Oggi le banche centrali, anche in coordinamento tra loro (effetto questa volta benefico della globalizzazione!) sono in grado di inondare i singoli sistemi economici con base monetaria ovvero di stampare moneta sonante a fronte dei loro bilanci fortemente aumentati, sostenendo, con ampiezza di vedute, le differenti tipologie di debito in circolazione quindi non solo acquistando i titoli governativi e municipali ma anche quelli delle aziende commerciali, di fatto puntellando in misura estesa le linee di credito del sistema produttivo e conseguentemente impedendo nell’immediato il temuto effetto DOMINO dei fallimenti a catena.

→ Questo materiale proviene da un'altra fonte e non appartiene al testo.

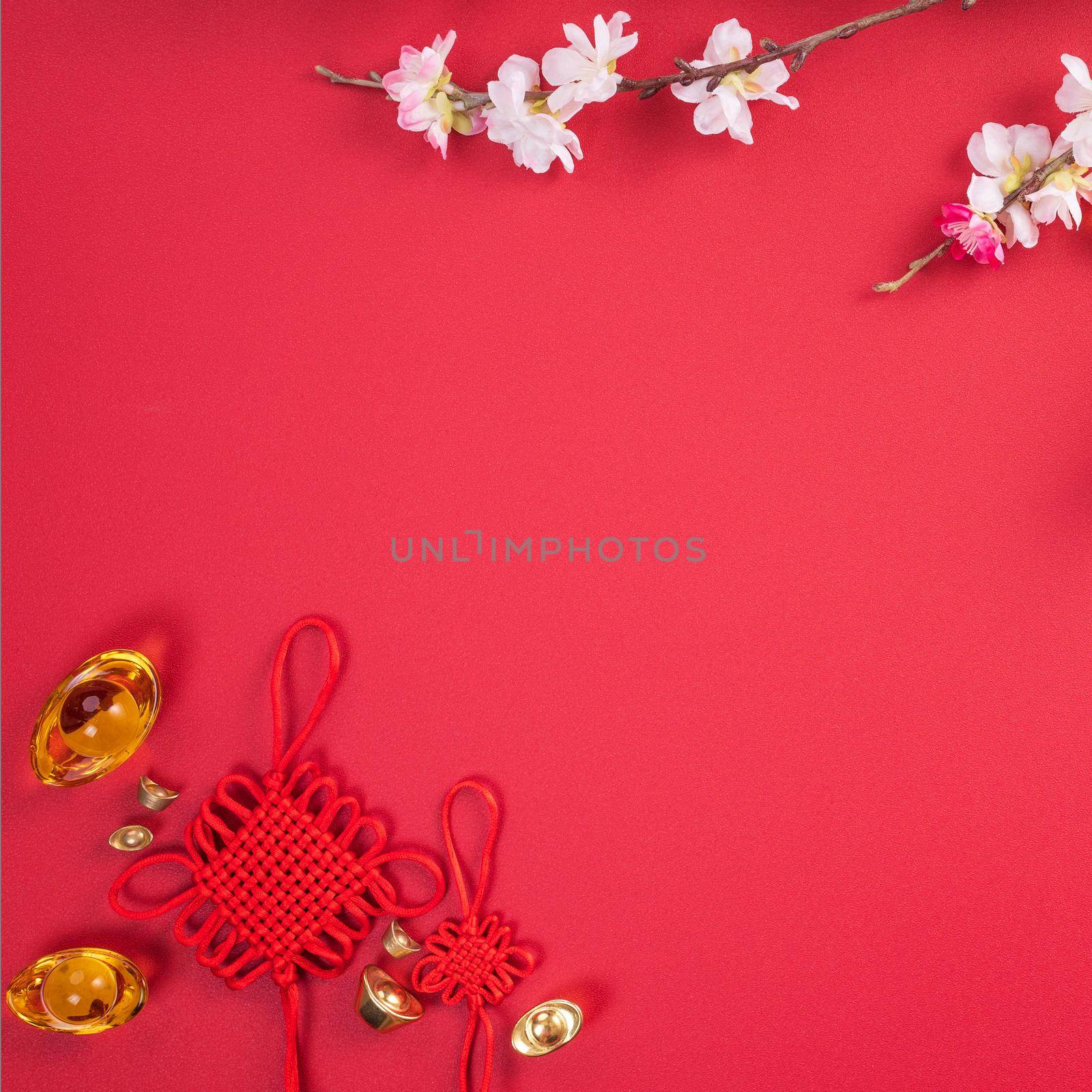 Design concept of Chinese lunar new year - Beautiful Chinese knot with plum blossom isolated on red background, flat lay, top view, overhead layout. by ROMIXIMAGE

È per inciso interessante ricordare che negli anni 30, la valuta USA era ancorata al prezzo dell’oro ovvero 1 dollaro valeva circa 1/20esimo di un oncia del metallo giallo; durante la crisi il rapporto fu ridenominato a 1/35esimo e successivamente alla crisi il legame fu definitivamente sciolto (Bretton Woods) e il metallo conservato come riserva strategica a Fort Knox.
Oggi se riproposto, il rapporto dollaro / oro sarebbe 1/1600esimo, mostrando quindi la forte svalutazione dei prezzi di molti assets finanziari se misurati contro oro (non in termini nominali).
Comunque ogni governo storicamente è disposto a svalutare la propria moneta per resettare il valore del debito contratto, in termini reali, ma non a portare il debito esistente al collasso in termini nominali: come dire, e come ufficialmente dichiarato, la FED (le altre banche centrali seguono) continuerà a coprire le esposizioni debitorie di governo e imprese,“ whatever it takes”, azzerando il rischio di collasso del debito a stelle e strisce (oggi posseduto in grande quantità da paesi stranieri, Cina in testa, per cui, a tutti gli effetti, gli USA sono paese debitore verso il resto del mondo, non più creditore come ai tempi della Grande Guerra).